4 Replies Latest reply on Nov 5, 2006 9:28 PM by Ben Wang

    Incorrect serialization of PojoCache collection class proxy

    Ben Wang Master

      This is originally reported from
      http://www.jboss.com/index.html?module=bb&op=viewtopic&t=93750 where an accidental serialization of CachedMapImpl has occurred.

      Brian has also created http://jira.jboss.com/jira/browse/JBCACHE-830.

      I have raised it here for further discussion.

      I need to document it more clearly. However, the Collection proxy are not meant for serialization since the proxy won't come out properly once it is serialized (the interceptor reference is local only). The proper way to serialize a Collection (outside of the PojoCache) is to use the detach call first, e.g.,

      List list = new ArrayList();
      ...

      cache.attach("list", list);
      list = cache.find("list"); // This is a proxy
      ...

      list = cache.detach("list"); // now this returns a normal List and can be serialized properly.

      So looks like we have two choices:

      1. Throw an exception when VM tries to serialize it?

      2. Make all the fields transient if there is really a use case for that.

      Of course, if you make every POJO "aspectized" then this won't be an issue since replication won't involved the proxy itself (rather just the fields). This occurs when a POJO contains a object graph that has this reference.

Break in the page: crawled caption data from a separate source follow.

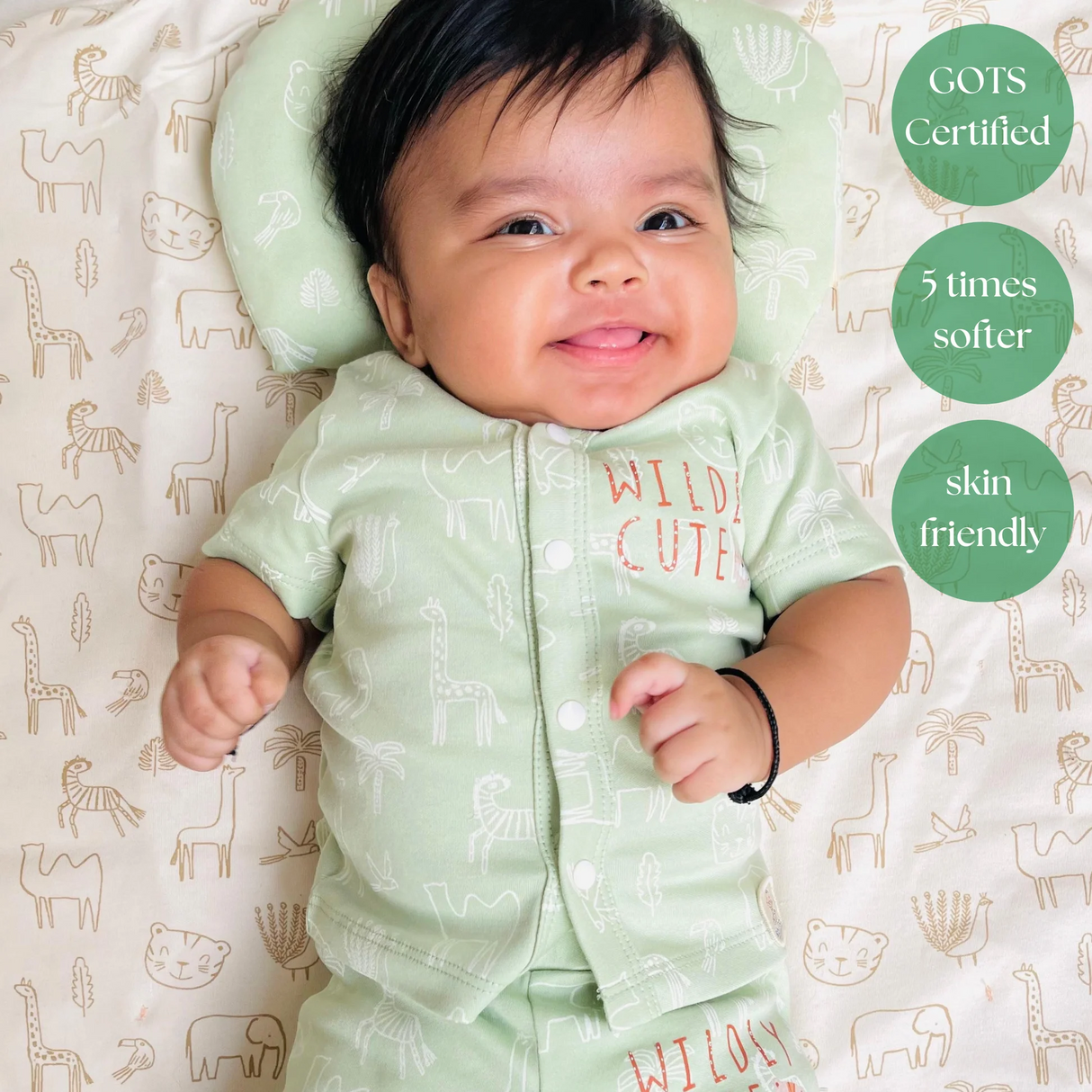 Organic Cotton - Set IPL - 06 Pcs.
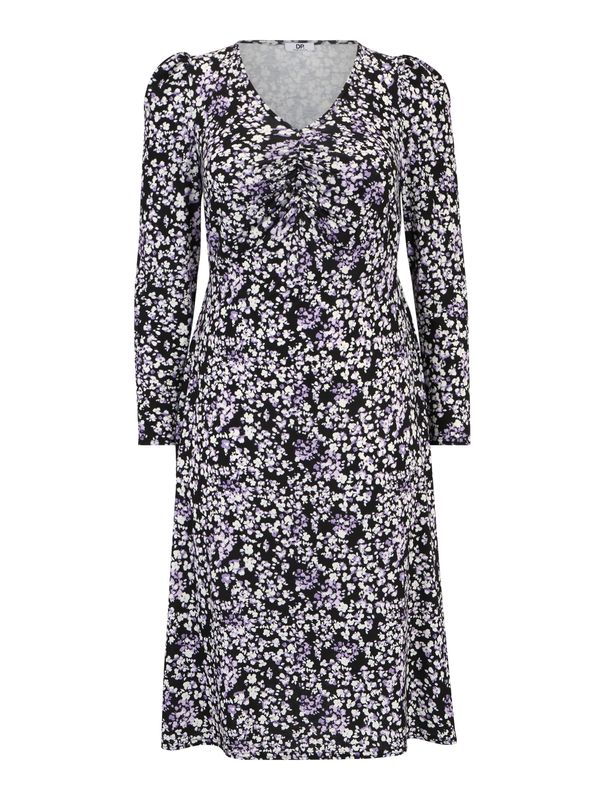 Dorothy Perkins Curve Dorothy Perkins Curve Obleka  majnica / črna / bela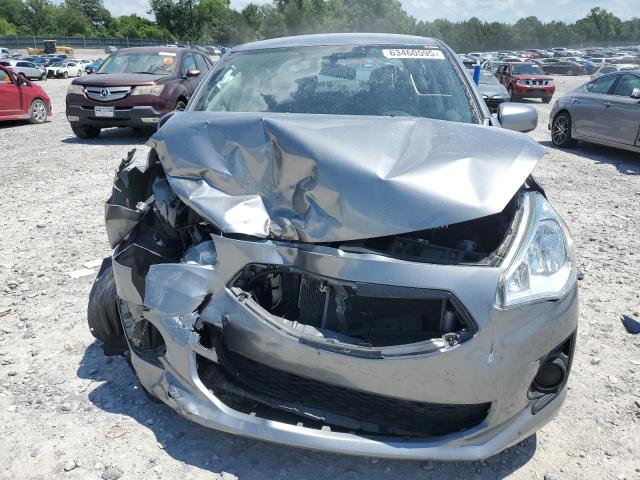 MITSUBISHI MIRAGE 2020 Srebrny
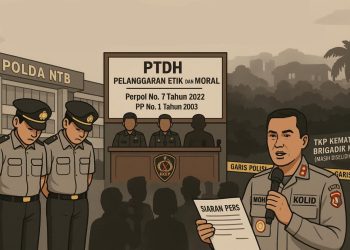 Pemecatan Dua Perwira Polisi Tidak Terkait Dugaan Penganiayaan Brigadir MN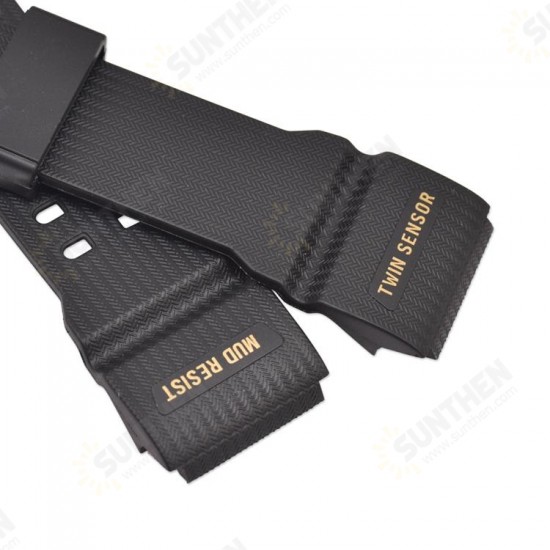 Pure Color Watch Band Replacement Watch Strap for CASIO Watch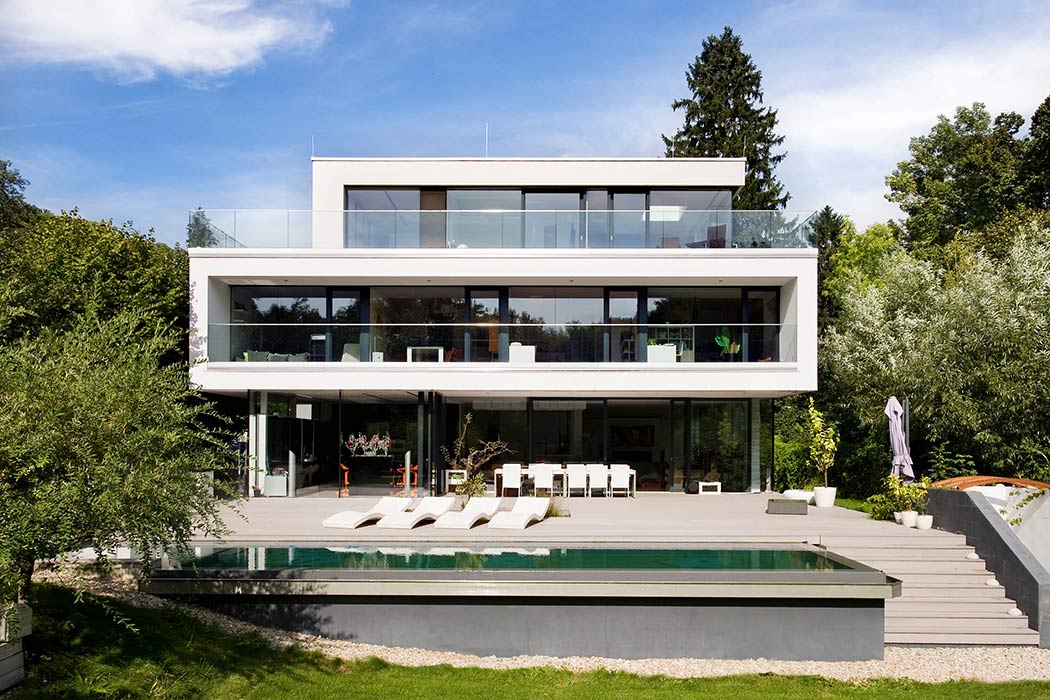 House in Hinterbrühl by Wunschhaus Architektur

      Like I said, I will document this further. But do we really see a use case that inenvitably we need to serialize the proxy?

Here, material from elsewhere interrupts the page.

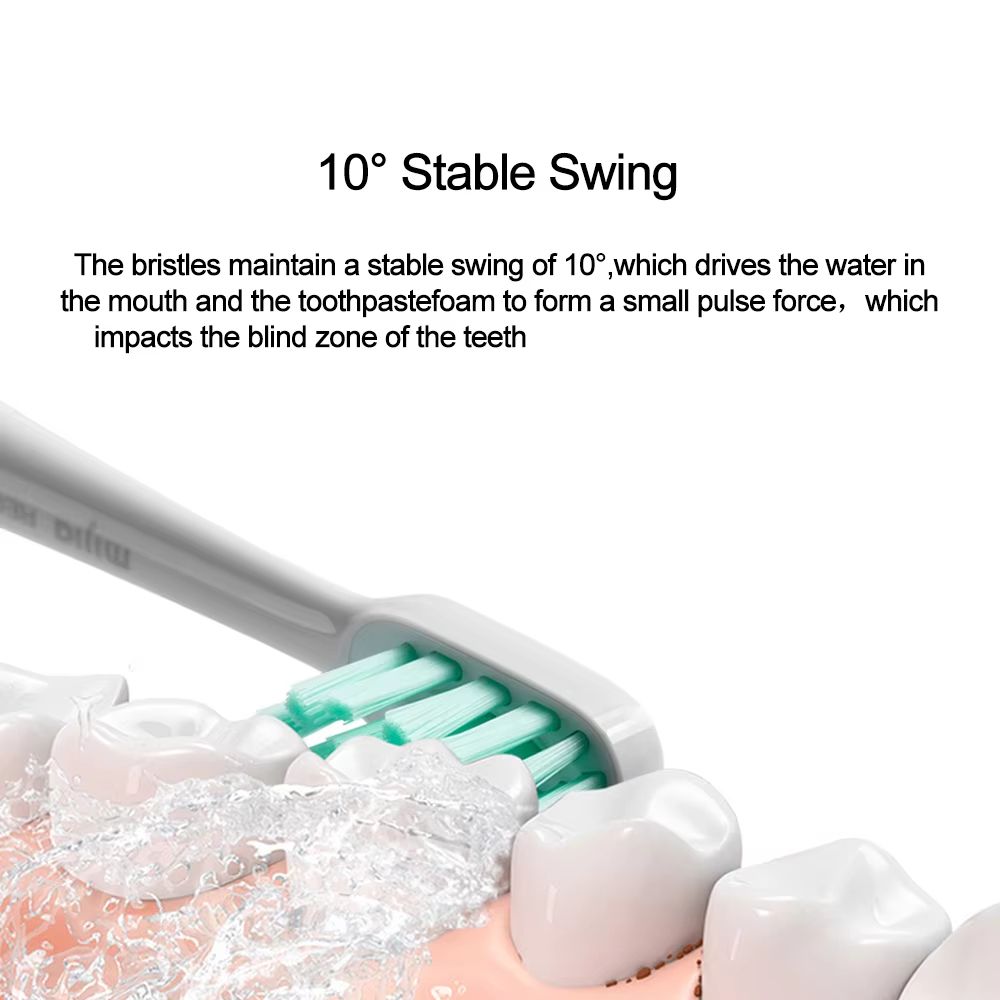 Xiaomi Mijia T300 Electric Toothbrush – Smart Sonic Whitening Brush with IPX7 Waterproof Design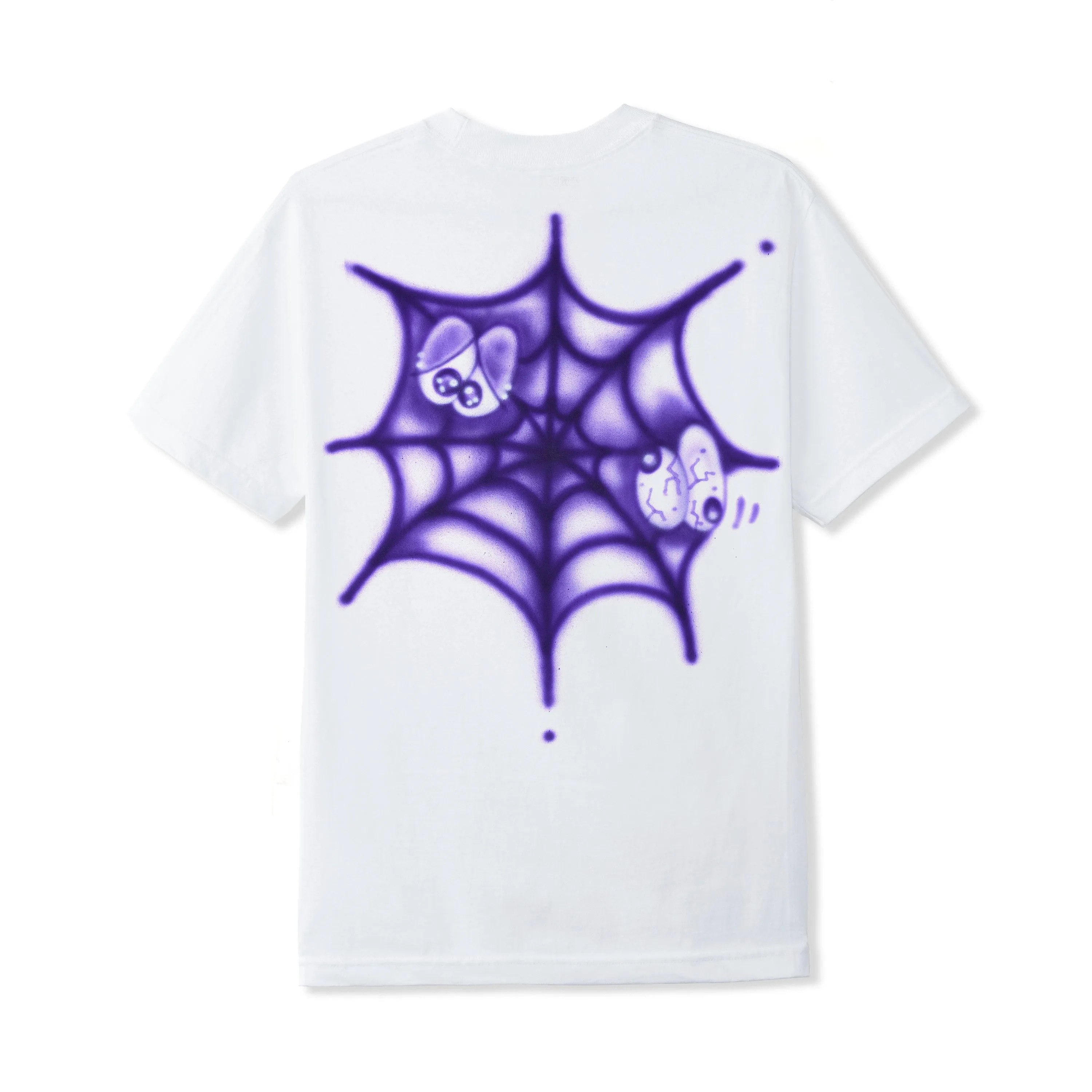 Mimi Back & Front Tee, White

        • 1. Re: Incorrect serialization of PojoCache collection class pr
          Brian Stansberry Master

          This can easily happen -- a pojo with a collection field gets put in the cache, and then some user code hands a ref to the collection to some other object, that object gets serialized (say as part of a response to a remote call); boom!

          The case on the other forum post is a bit odd, as the serialization there is occuring due to cache replication itself. That's kind of a bad practice; they should aspectize all their classes. But I think we need to support the generic case where a Collection gotten from the cache gets serialized.

          But, I don't think there's any need at all to try to maintain any object relationship or anything when the object is deserialized. So, this kind of thing should work fine:

          Example is CachedListImpl:

          private Object writeReplace() throws ObjectStreamException {
           ArrayList toSerialize = new ArrayList();
           toSerialize.addAll(this);
           return toSerialize;
          }
          

          toSerialize is what gets serialized. When deserialized, it's a List, as expected. If the user thought the deserialized list would somehow be the same object as something stored in a PojoCache somewhere (where???), they're not thinking right.




          • 2. Re: Incorrect serialization of PojoCache collection class pr
            Ben Wang Master

            OK, when I try to code the proxy class, I had the entity model in mind. I.e., when tyring to do remote call, you should always detach from it entity manager first and then re-attach again later.

            I can see your use case here as well for user accidentally to pass in the reference (that's what I said of not transparent). And what you proposed make good sense.

            But on the same token, this can be user's expectation that serilization and POJO relationship are still intact on the remote node! Again, this is unintentional but they have no way of knowing it, unless of course we explictly throw an exception.

            • 3. Re: Incorrect serialization of PojoCache collection class pr
              Brian Stansberry Master

              It's too bad there's no obvious way to distinguish the 2 use cases when doing the serialization. 2 use cases being 1) serializing as part of a JBC replication (like in the other forum thread that led to this issue) and 2) other types of serialization like I described above. With the first, I agree, it's easy for the user to get confused and expect some relationship will survive the serialization. Giving them help is not bad. For the second case, if they think that somehow a relationship will survive by magic when a remote cache isn't even involved, well, they're just not thinking at all; I don't feel any strong need to "help" in such a case.

              Hmm -- instead of throwing an exception, why not log a WARN and then do the writeReplace? The category logging the WARN is the proxy class, so if people write code where they're doing this on purpose and understand what they're doing, they can just limit the proxy class category to ERROR.